Un cambio de paradigma en la movilidad urbana
La incorporación de buses a gas natural busca reemplazar gradualmente las unidades convencionales a gasoil. El intendente Pablo Javkin ha señalado que la reconversión del sistema es una alternativa clave para mitigar el impacto de los precios de los combustibles tradicionales. La tecnología de GNC, que ya ha sido probada en diversas ciudades del país con buenos resultados, promete una mejora directa en la ecuación de costos del sistema.
El funcionamiento de estos vehículos requiere una infraestructura específica. A diferencia de los motores diésel tradicionales, los buses a GNC almacenan el combustible en cilindros de alta resistencia, generalmente ubicados en el techo de la unidad, lo que permite una combustión más limpia y silenciosa. La experiencia acumulada hasta el momento indica que, además de la eficiencia económica, el usuario percibe una mejora sustancial en la calidad del viaje debido a la menor vibración y al bajo nivel sonoro del motor.
Balance de las pruebas piloto y próximos pasos
A finales de 2024, la ciudad llevó adelante una prueba piloto en las líneas 134 y 135 con un bus de tecnología exclusiva a gas, diseñado originalmente para este combustible y no una adaptación. Los resultados arrojaron datos alentadores: un menor consumo operativo, una reducción significativa en las emisiones de gases contaminantes (CO2 y NOX) y un funcionamiento mucho más silencioso, alineándose con las normativas ambientales Euro VI.

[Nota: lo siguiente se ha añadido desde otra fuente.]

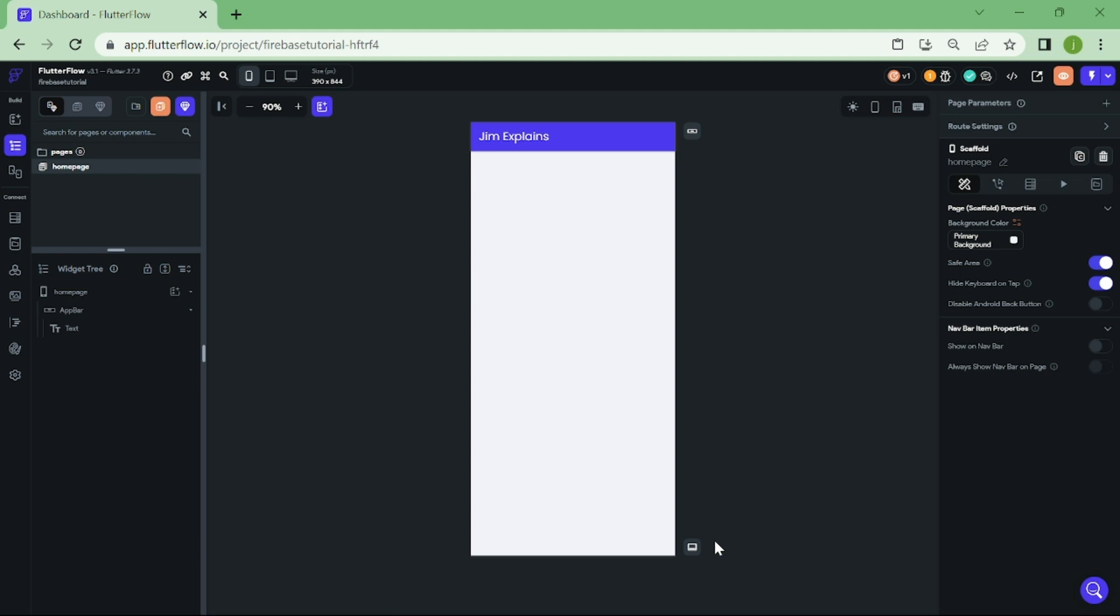Hello, and welcome back to my YouTube channel where we explore the world of app development. In this video, I'll be showing you how to create a dynamic dropdown alternative in Flutter Flow without the need for Firebase.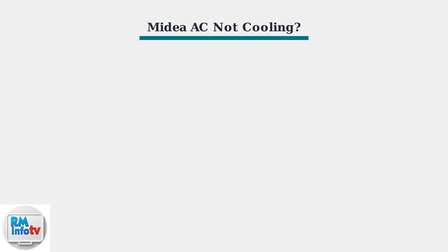When your Midea portable air conditioner isn't cooling properly, there are several basic troubleshooting steps you can take before calling for professional help.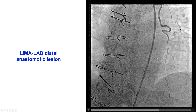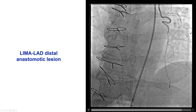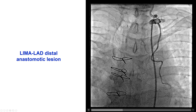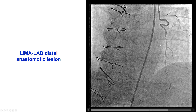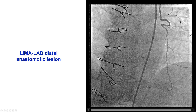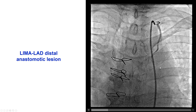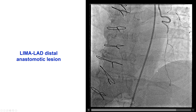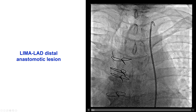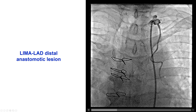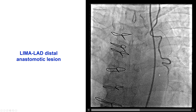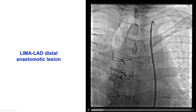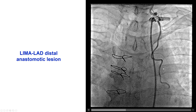The patient had an attempt at an outside institution to recanalize this lesion and deliver a stent. However, no stent could be delivered to this area because of the tortuosity. He was referred to our institution to either try to deliver a stent or, if that was not successful, to treat the native LAD CTO instead.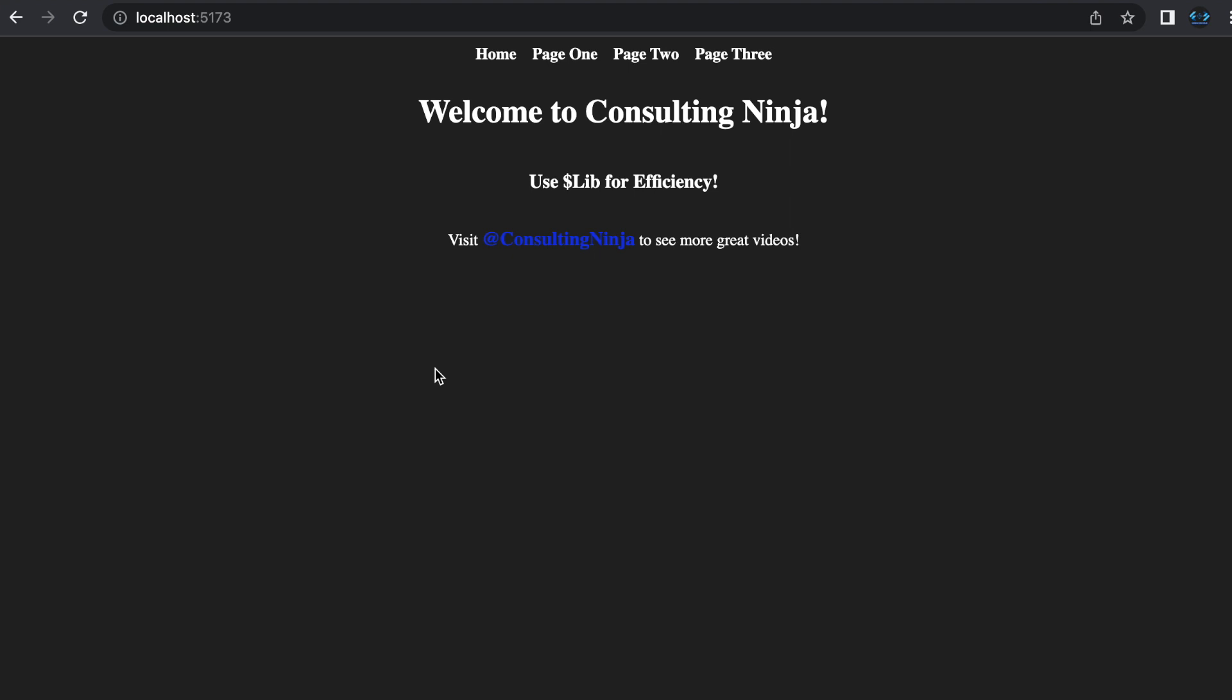Hello and welcome to Consulting Ninja. If you are new to my channel, please like and subscribe. If you find this content helpful, then hit that notification bell so that you don't miss out on the next video. Comment below with any of your thoughts or topics you'd like me to cover and check out my website consultingninja.tech.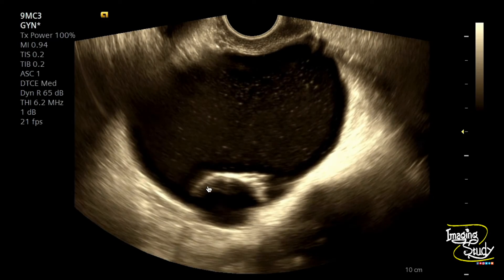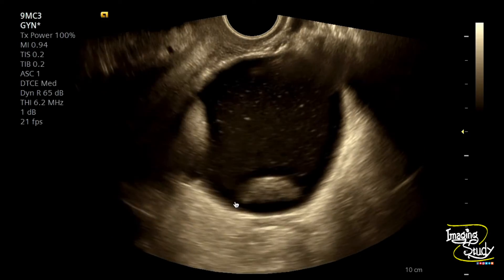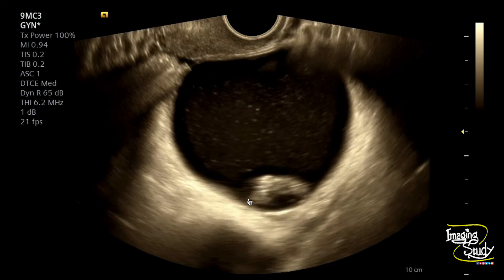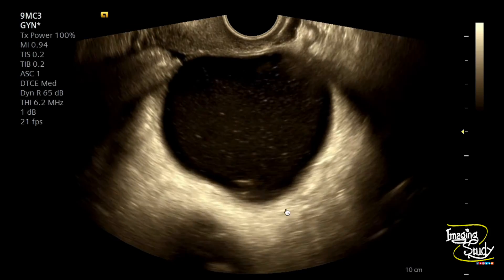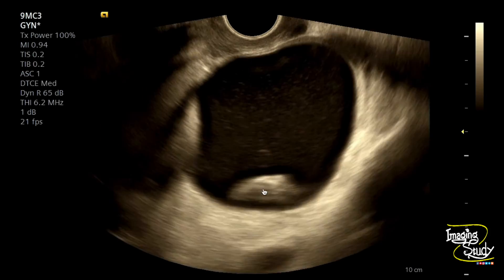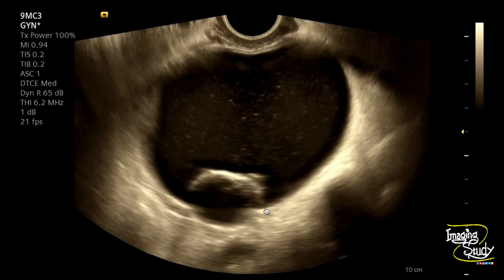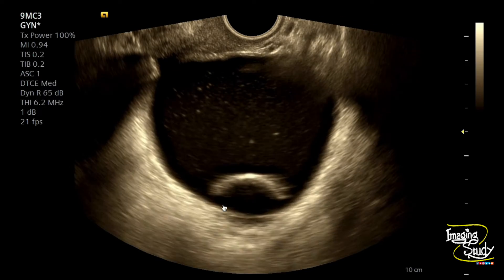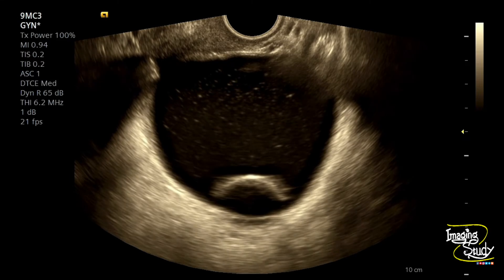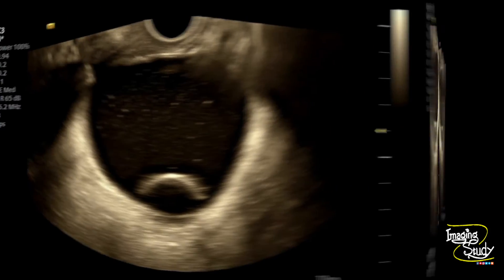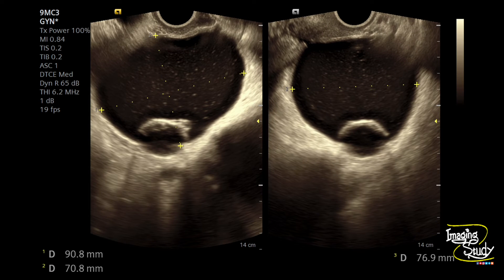You can also see an echogenic component casting a little posterior acoustic shadow, located at the dependent part. Within a dermoid cyst, if you see a calcified area casting posterior acoustic shadow, this is usually the tooth component. Do you know how we can confirm this as a tooth on ultrasound? Here's the measurement — the cystic lesion is around 9 cm by 7 cm.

El desafío actual para el municipio reside en la escalabilidad del proyecto. Si bien la renovación de la flota es una constante —con la incorporación de más de 150 unidades 0km en el último año, muchas de ellas con tecnología Euro V y accesibilidad universal—, la adopción masiva de GNC requeriría una planificación detallada de la infraestructura de carga. La gestión local continúa analizando esta transición como una pieza fundamental para lograr un transporte público más eficiente, limpio y sostenible para los rosarinos.